Segment Start: Data shown

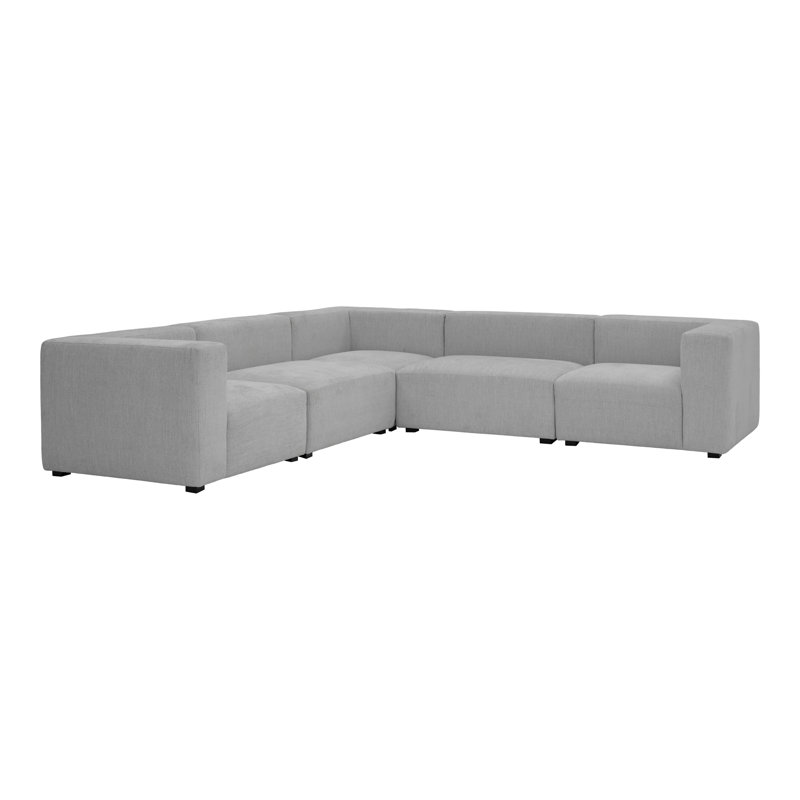 Canapé modulaire Romy Classic L, Rayon blanc crème / viscose / mélange de lin / s
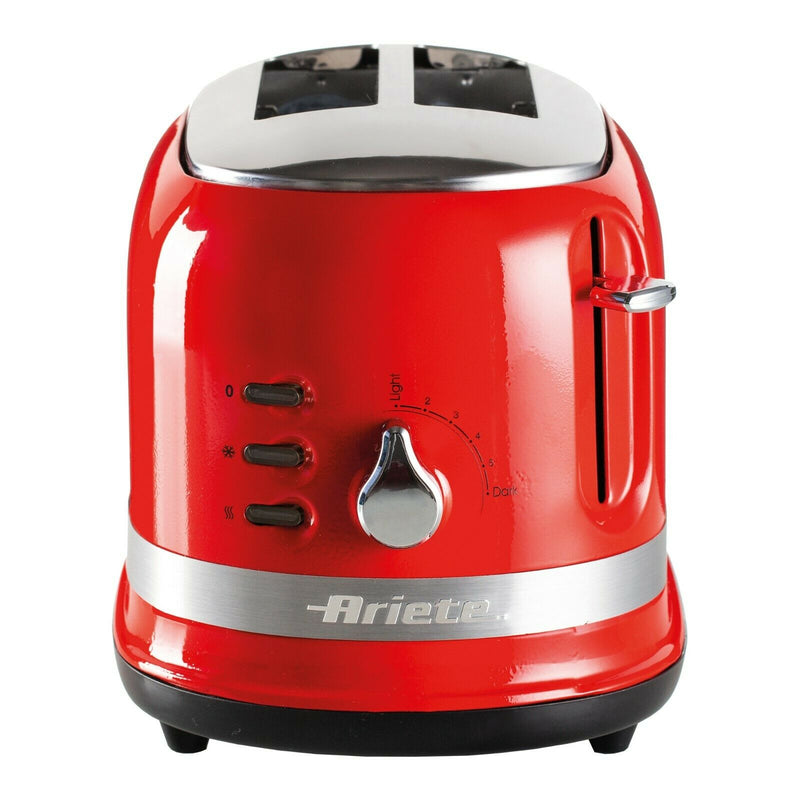 Ariete Moderna 2 Slice Toaster, Defrost, Heating & Cooking Function, Red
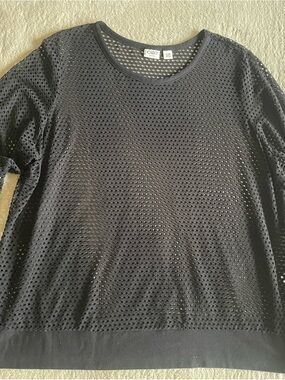 Cato 26/28W Black Open Knit Mesh Top Plus Size Sheer Long Sleeve Oversized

Segment End: Data shown

Work request → Word for word, give the listing above again, but drop any pictures.

Result →
 Canapé modulaire Romy Classic L, Rayon blanc crème / viscose / mélange de lin / s
 Ariete Moderna 2 Slice Toaster, Defrost, Heating & Cooking Function, Red
 Cato 26/28W Black Open Knit Mesh Top Plus Size Sheer Long Sleeve Oversized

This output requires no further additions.